79° F Thursday, May 24, 2012

On Monday night, Chad Morris sat in a Tulsa hotel room and decompressed.

It had been a long 48 hours.

“I’m not going to lie to you,” Morris said over the phone. “I’m a 41-year old man and I’ve been crying like a baby over the last few days. It’s tough.”

Morris was announced as the new offensive coordinator at the University of Tulsa Monday afternoon, less than 24 hours after riding in Lake Travis’ celebratory parade for a third straight state championship. Immediately after that parade, he informed the Cavalier players and coaches that he would be leaving them after two seasons in which they went 32-0 and won two 4A Division 1 state titles.

“They knew something was up for a while,” Morris said of his players. “They knew something like this was coming and I did my best to keep the leaders of the team informed so that they could spread the word to the whole team. But that was hard because I really wanted last week to be about the kids, to be about celebrating another title. They’ve earned that, so it was very hard to put them in that position.”

But just because the team, the coaches and the community saw this coming, it didn’t make it any easier. For Morris, it was the toughest decision of his career.

“Maybe the older I get, the more perspective I have, but it’s just the value we place on friendship and building relationships in the community,” he said. “We ask parents for their sons to buy in and sell out, and we always talk about how a commitment is more than 60 minutes a day. That starts in the home. Just having a community that was hungry to sell out for a program and a coach. It was the little things we did, like our breakfast of champions. It was those little things that made this the toughest decision so far.”

Well, that and one other thing.

“Not to mention we’re going to be really good next year,” he said. “That’s an incredible group coming back, and one that’s going to have a shot at another title. That’s not easy to walk away from.”

Nor was it easy to walk away from the support he had as the leader of the football program.

“Being under the leadership of Dr. [Rocky] Kirk was special. This is a guy that hired me without even meeting me. I wasn’t sure about it, but he swayed me.  Working with him and Mrs. [Kim] Brents was key,” Morris said of the LTISD superintendent and high school principal. “The support level was amazing.”

But as Morris sorted through the various things he was thankful for over the two years at Lake Travis, it seemed every time, he came back to the players. The hardest part, was saying goodbye Sunday afternoon.

“When you listen to those kids, and you see their emotion, everyone of them came up and hugged me and told me they loved me and thanked me,” Morris said. “They’re going to boast with pride when they see us on TV next year, and they should take a lot of pride in this because they really got me here. I couldn’t have done it without such a great group of kids. And they’ve earned every great thing that’s going to happen to them next year and every year after that.”

Morris’ growing reputation as an innovator reached its peak at the high school level over the last two seasons, thanks, in part, to arguably the most talented teams he’s ever coached.

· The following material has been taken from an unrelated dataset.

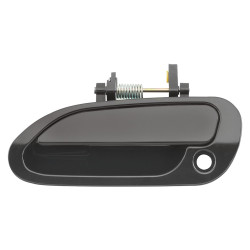 MANIJA EXTERIOR HD ACCORD 2P COUPE / 4P SEDAN 98-02 CON HOYO PARA LLAVE LISA PARA PINTAR NEGRA PLASTICO TWN HUSHAN 72180-S84-A01 Izquierdo Delantera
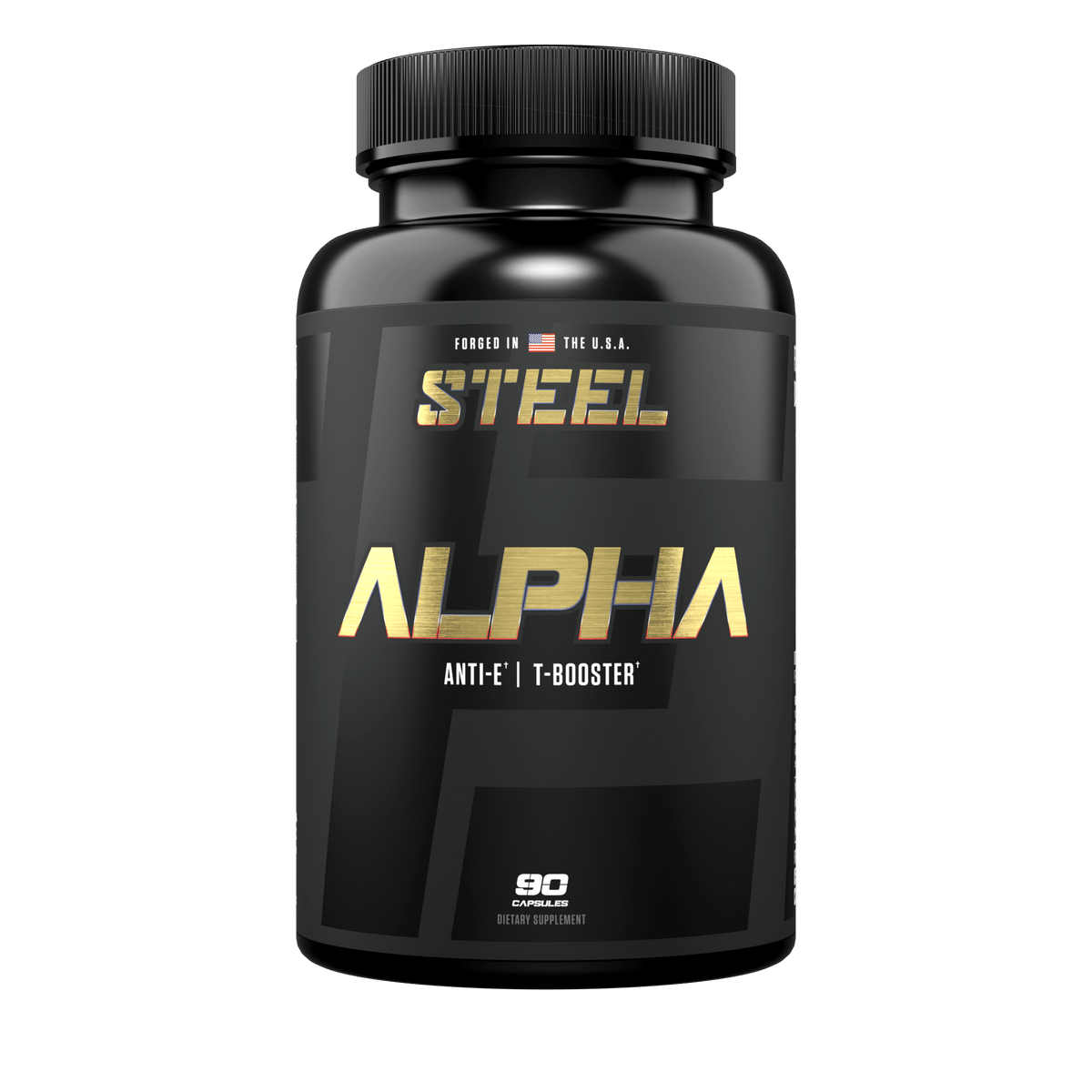 The Steel Supplements Supplement ALPHA-AF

The more the Cavaliers won, the more attention Morris and his staff got, and all of the sudden, both Lake Travis and its head coach had a national reputation as a winning machine. That’s when the phone calls started coming, and Morris realized things were changing.

“When you look back at the success that we’ve had, and the contacts we’ve made over the years by placing kids in D1 programs over the last 10 years, and with this last year’s success – that’s what got us here,” he said. “With [Texas A&M] head coach Mike Sherman calling us and having us come out to help this summer, you start thinking, ‘Wow, this is really happening.’”

Then a pretty popular magazine came calling.

“There were a couple articles in Sports Illustrated that recognized us, and you started to realize that people were really taking notice on a national level,” Morris said.

Then Tulsa head coach Todd Graham called. First, during the second week of the state playoffs. At the time, Morris was obviously consumed with another playoff run. He turned the first offer down. But Graham was persistent, and Morris started to realize what he needed to consider.

After a few weeks of soul-searching and spending time with both his high school team, and the campus at Tulsa, he decided it was the opportunity of a lifetime. It was a chance to go to a level some coaches only dream of getting to, and he was getting the offer at age 41. The offer reached a point where Morris’ wife, Paula, would no longer have to work, and it included plenty of security if things went south.

It didn’t make the task less daunting to consider. When asked, in that quiet hotel room after the whirlwind tour, why he felt he would be one of the few successful high school coaches at the collegiate level, he paused before laying it all out.

“No. 1, you’ve just got to believe in what you’re doing and in yourself,” he said. “And after that, you look at the program and the personnel you’ve got in place. The system is great, but you have to have the personnel in place to get it done. I think we’ve got that at Tulsa with a bunch of kids returning. This is a great situation and I’m excited.”

As for what he leaves behind?

“They’ll be fine,” Morris said. “The kids and the staff are so close, and I hope it stays that way, with all respect to Dr. Kirk’s search. I have all the confidence in the world in Hank [Carter], and he’s been prepping for a moment like this for 10 years. The way I look at it, he’ll never be more ready. If he can’t be a head coach now, he never will be. And he’s got the best staff in the state of Texas to work with.”